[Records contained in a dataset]
§ §
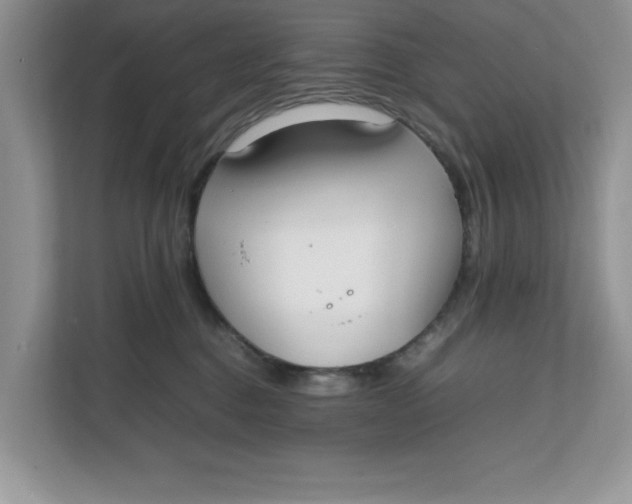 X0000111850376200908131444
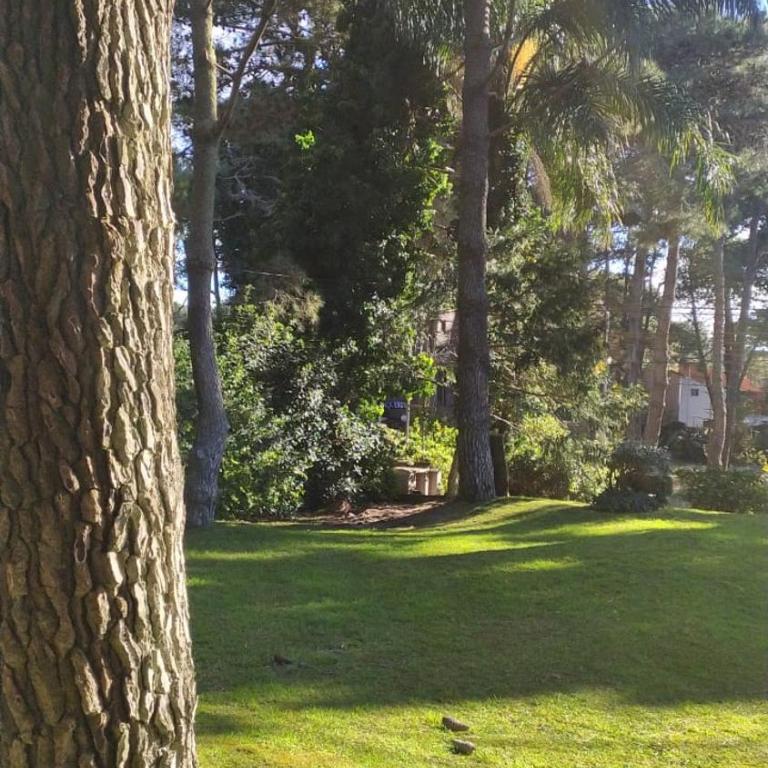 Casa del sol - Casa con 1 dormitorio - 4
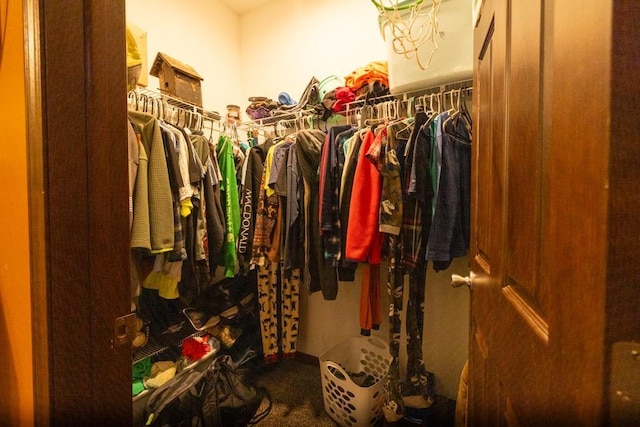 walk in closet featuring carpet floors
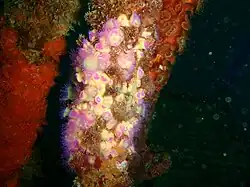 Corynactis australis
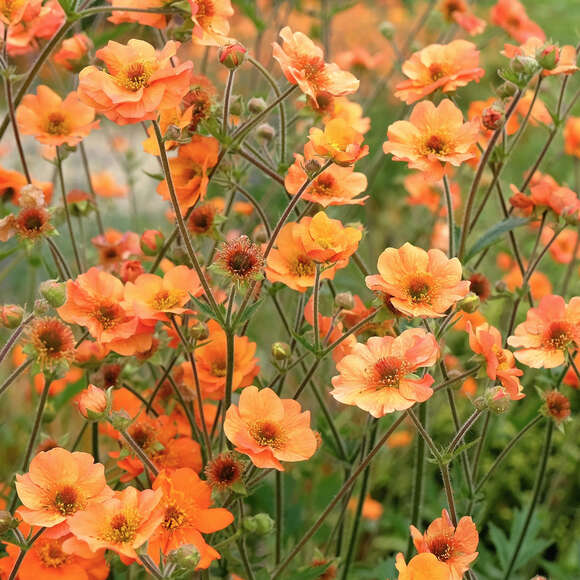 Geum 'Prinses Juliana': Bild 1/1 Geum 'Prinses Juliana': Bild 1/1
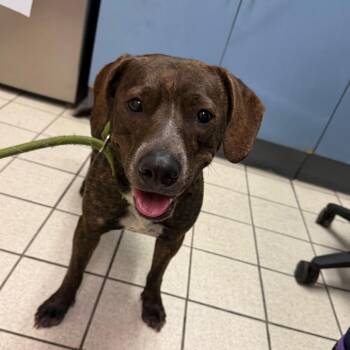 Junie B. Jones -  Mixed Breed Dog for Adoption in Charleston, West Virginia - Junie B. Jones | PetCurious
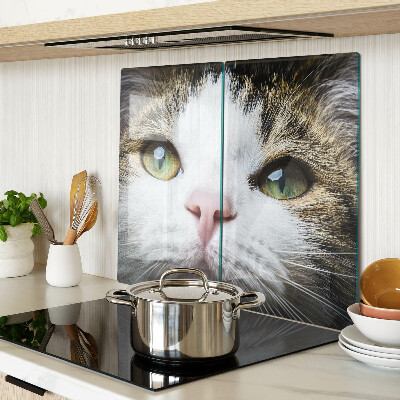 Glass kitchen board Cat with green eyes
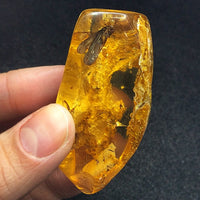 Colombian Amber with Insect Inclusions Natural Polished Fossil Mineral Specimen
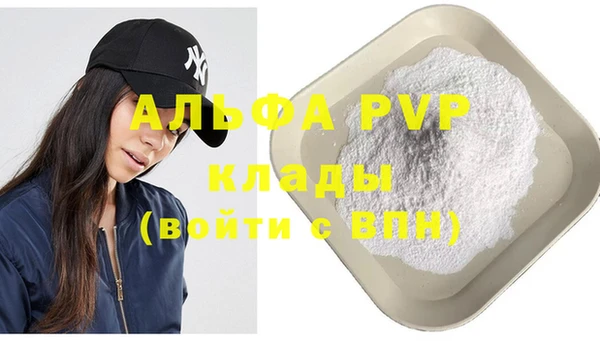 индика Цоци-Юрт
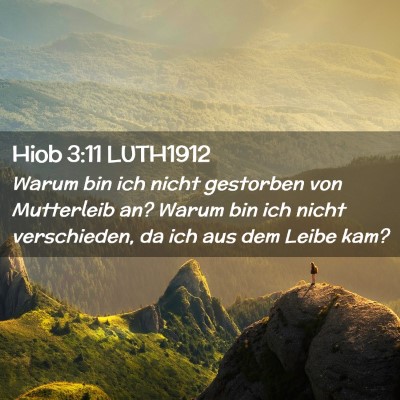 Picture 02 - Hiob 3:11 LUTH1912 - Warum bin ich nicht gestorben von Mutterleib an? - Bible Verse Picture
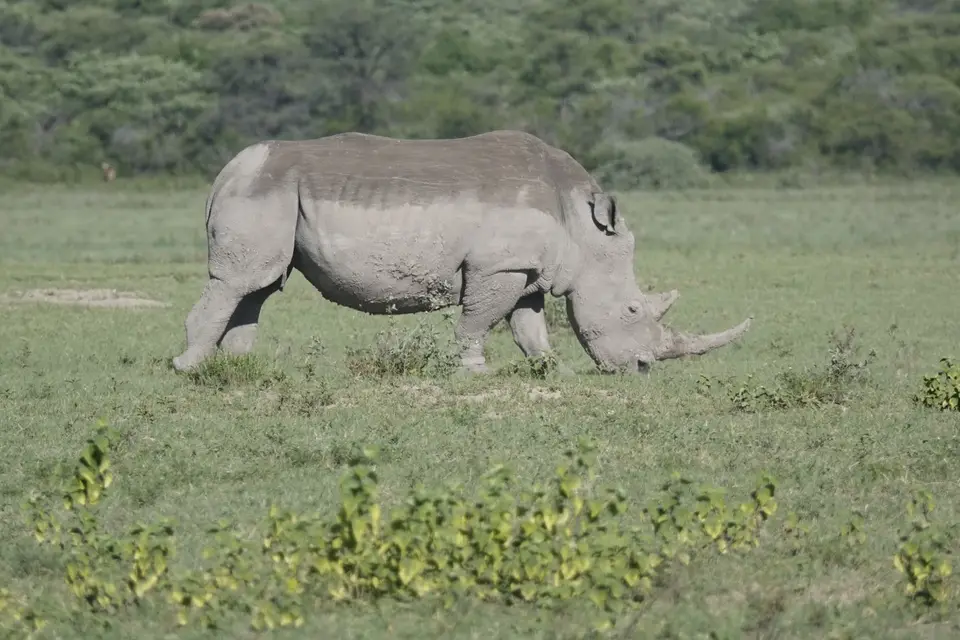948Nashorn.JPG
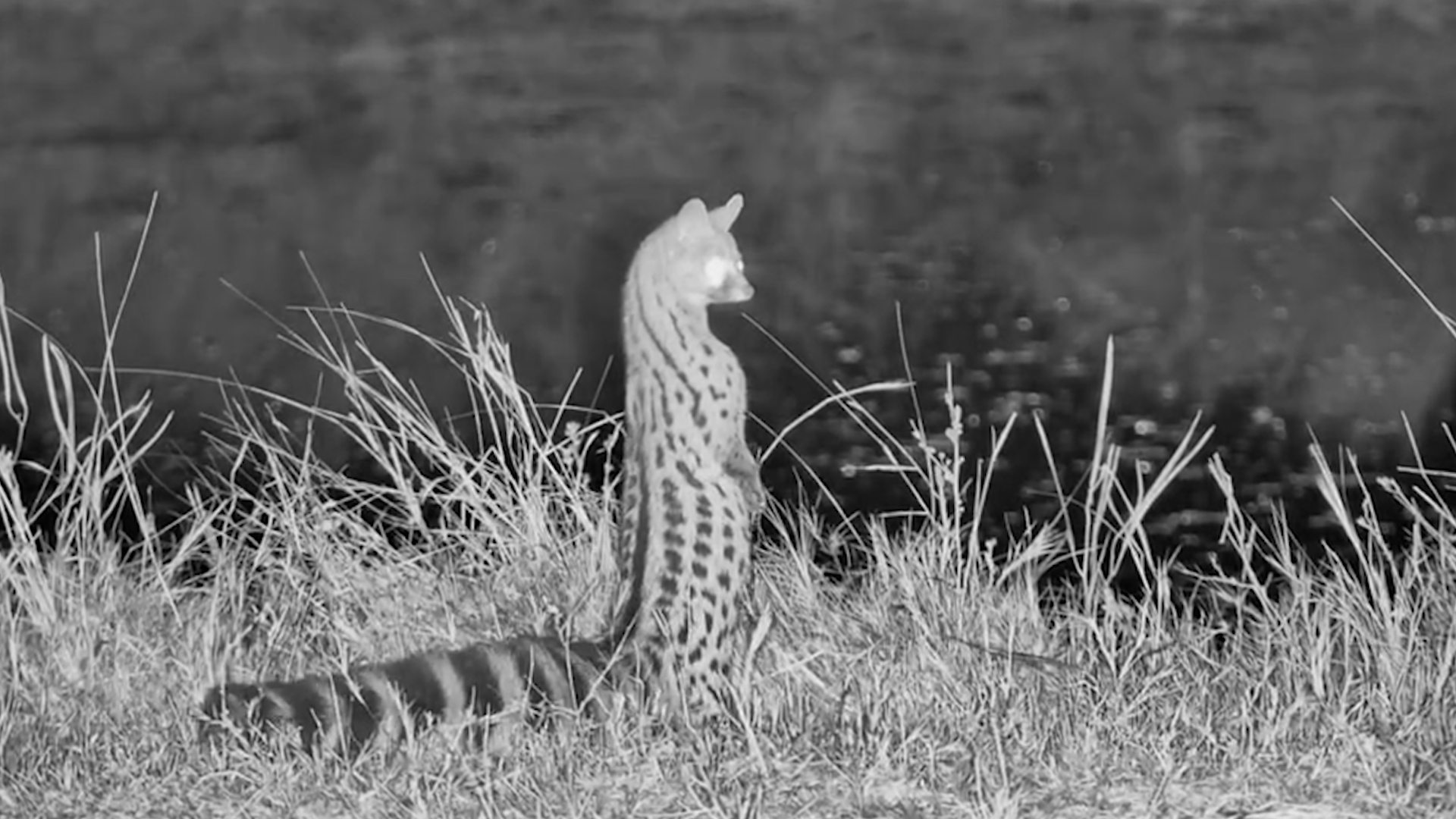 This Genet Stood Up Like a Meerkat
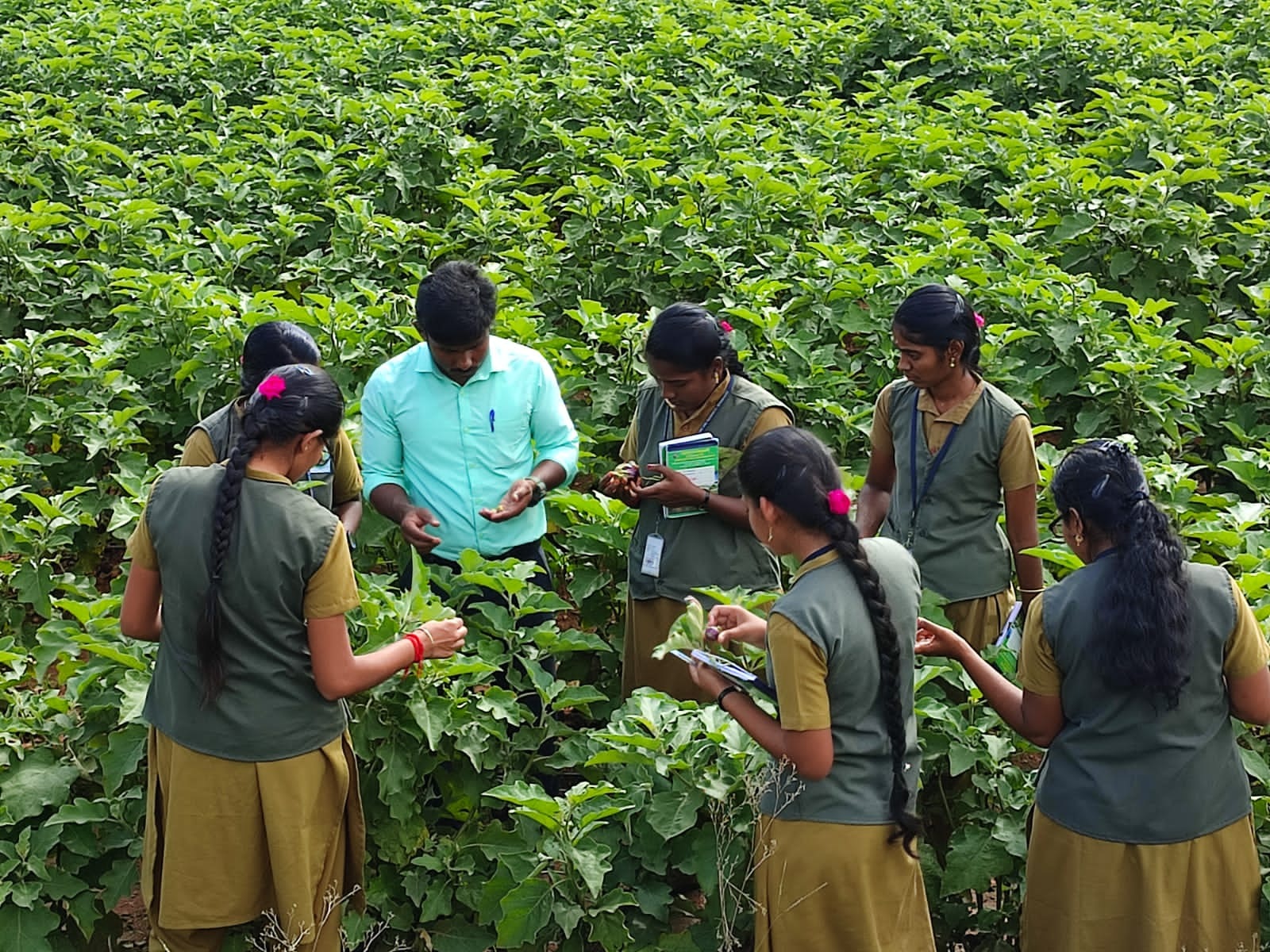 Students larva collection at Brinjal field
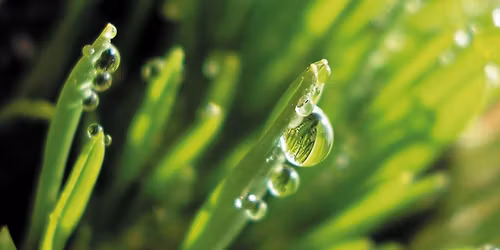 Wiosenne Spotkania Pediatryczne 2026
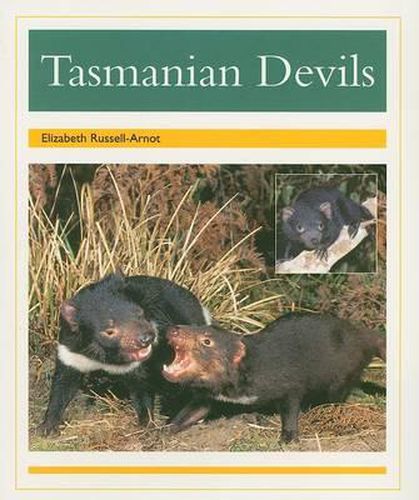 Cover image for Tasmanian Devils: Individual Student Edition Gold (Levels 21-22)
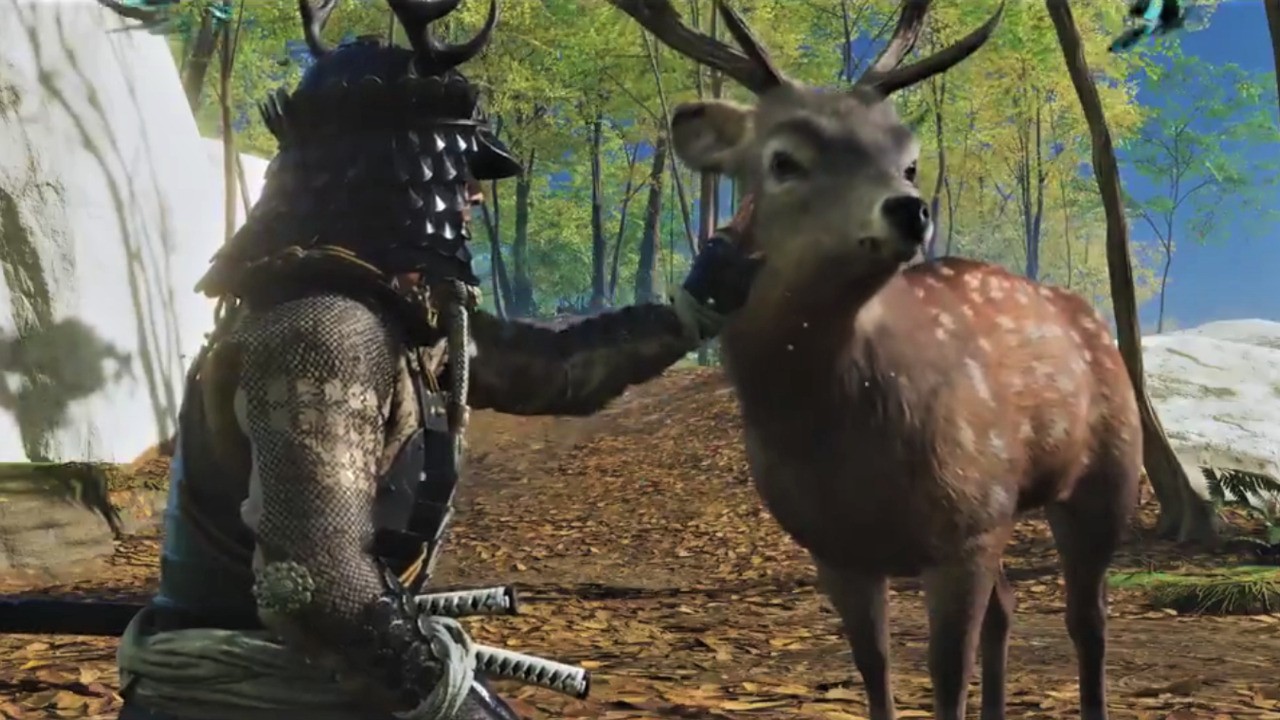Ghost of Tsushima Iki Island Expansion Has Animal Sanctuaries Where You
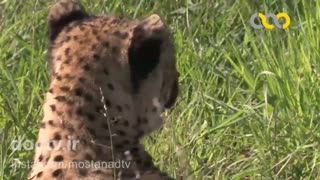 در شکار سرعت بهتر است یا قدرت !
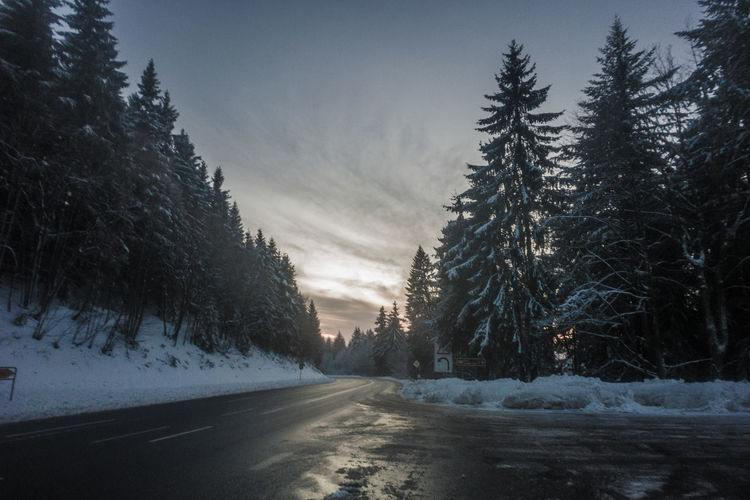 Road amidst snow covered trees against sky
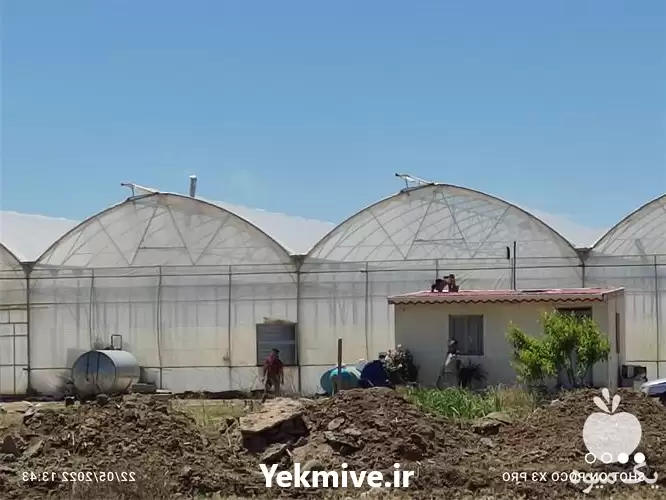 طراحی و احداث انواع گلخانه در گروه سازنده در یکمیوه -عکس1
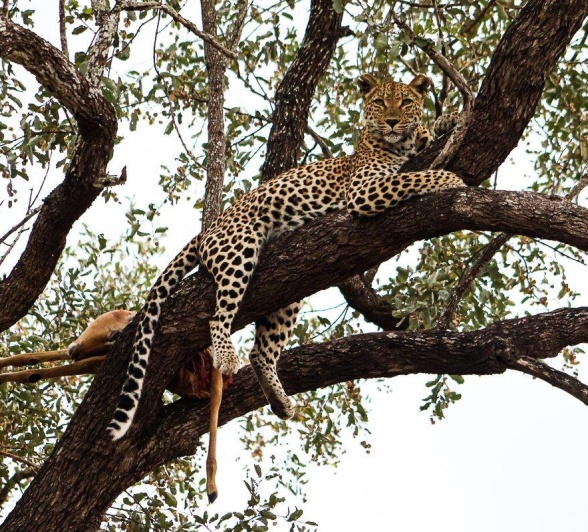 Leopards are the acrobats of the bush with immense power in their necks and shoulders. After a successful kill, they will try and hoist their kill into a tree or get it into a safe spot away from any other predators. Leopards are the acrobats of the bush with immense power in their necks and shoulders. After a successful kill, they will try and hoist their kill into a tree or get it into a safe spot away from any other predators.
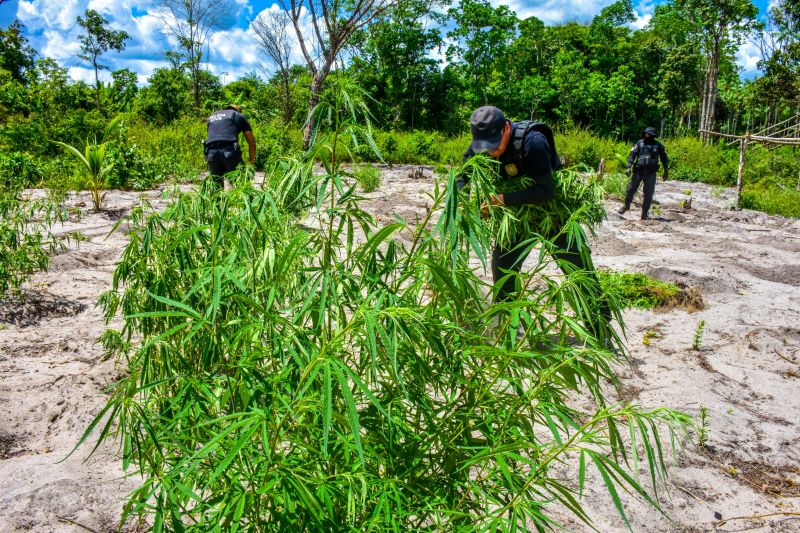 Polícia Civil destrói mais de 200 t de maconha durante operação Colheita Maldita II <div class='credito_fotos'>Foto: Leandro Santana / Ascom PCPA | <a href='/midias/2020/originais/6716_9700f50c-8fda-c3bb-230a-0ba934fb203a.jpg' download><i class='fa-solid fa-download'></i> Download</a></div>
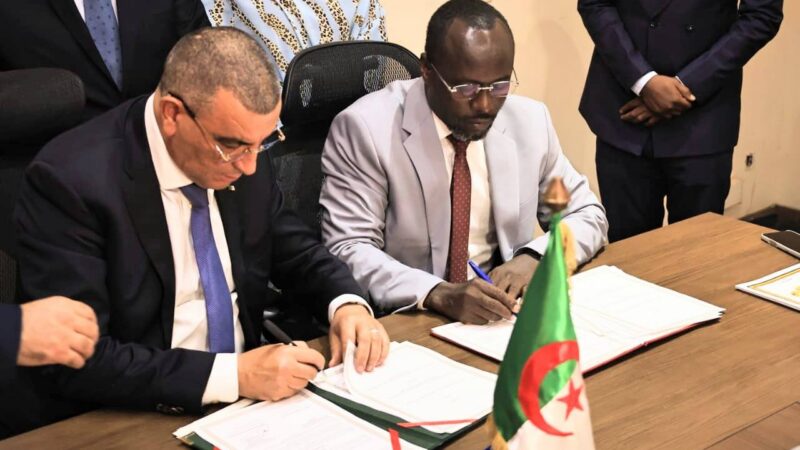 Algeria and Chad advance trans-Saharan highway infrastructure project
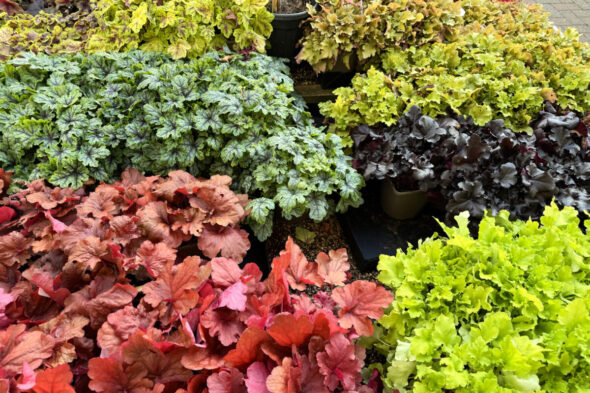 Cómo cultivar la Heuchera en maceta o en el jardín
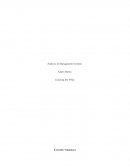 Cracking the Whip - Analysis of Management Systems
§ §
Nothing but the lines from the one with "Glass kitchen board Cat with green eyes" to the one with "Polícia Civil destrói" above, both included, should be transcribed, exactly and without pictures.

## SOLUTION BELOW:
 Glass kitchen board Cat with green eyes
 Colombian Amber with Insect Inclusions Natural Polished Fossil Mineral Specimen
 индика Цоци-Юрт
 Picture 02 - Hiob 3:11 LUTH1912 - Warum bin ich nicht gestorben von Mutterleib an? - Bible Verse Picture
948Nashorn.JPG
 This Genet Stood Up Like a Meerkat
 Students larva collection at Brinjal field
 Wiosenne Spotkania Pediatryczne 2026
 Cover image for Tasmanian Devils: Individual Student Edition Gold (Levels 21-22)
Ghost of Tsushima Iki Island Expansion Has Animal Sanctuaries Where You
 در شکار سرعت بهتر است یا قدرت !
 Road amidst snow covered trees against sky
 طراحی و احداث انواع گلخانه در گروه سازنده در یکمیوه -عکس1
 Leopards are the acrobats of the bush with immense power in their necks and shoulders. After a successful kill, they will try and hoist their kill into a tree or get it into a safe spot away from any other predators. Leopards are the acrobats of the bush with immense power in their necks and shoulders. After a successful kill, they will try and hoist their kill into a tree or get it into a safe spot away from any other predators.
 Polícia Civil destrói mais de 200 t de maconha durante operação Colheita Maldita II <div class='credito_fotos'>Foto: Leandro Santana / Ascom PCPA | <a href='/midias/2020/originais/6716_9700f50c-8fda-c3bb-230a-0ba934fb203a.jpg' download><i class='fa-solid fa-download'></i> Download</a></div>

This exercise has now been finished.